___ DATA BELOW

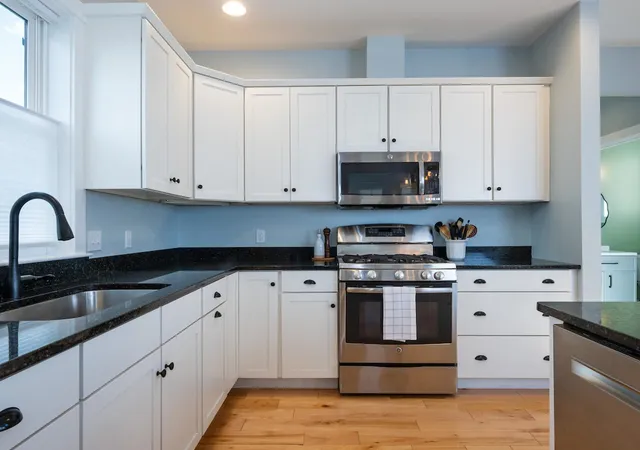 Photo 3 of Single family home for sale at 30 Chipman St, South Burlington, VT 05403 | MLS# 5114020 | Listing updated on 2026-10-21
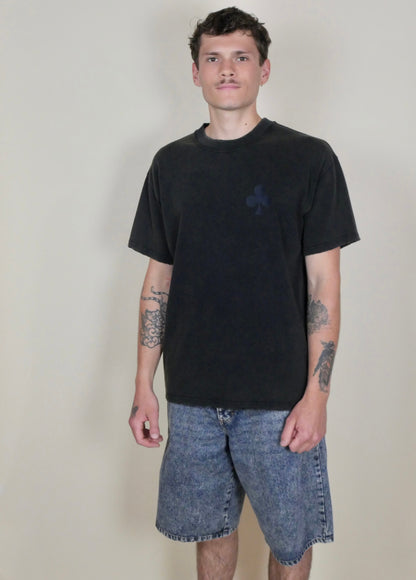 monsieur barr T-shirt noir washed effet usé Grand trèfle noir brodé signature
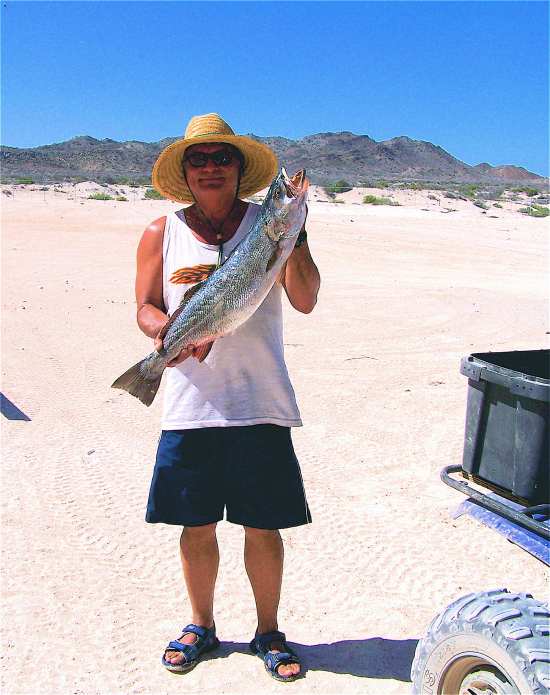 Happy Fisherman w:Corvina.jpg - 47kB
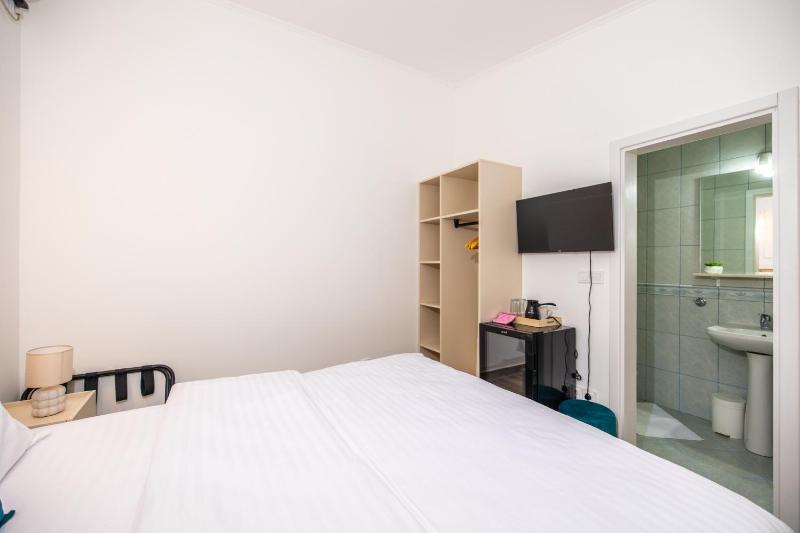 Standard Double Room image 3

______

▸ DIRECTIONS FOR THIS TASK
Print the data exactly as written, dropping any images it holds.

▸ RESPONSE AREA
 Photo 3 of Single family home for sale at 30 Chipman St, South Burlington, VT 05403 | MLS# 5114020 | Listing updated on 2026-10-21
 monsieur barr T-shirt noir washed effet usé Grand trèfle noir brodé signature
 Happy Fisherman w:Corvina.jpg - 47kB
 Standard Double Room image 3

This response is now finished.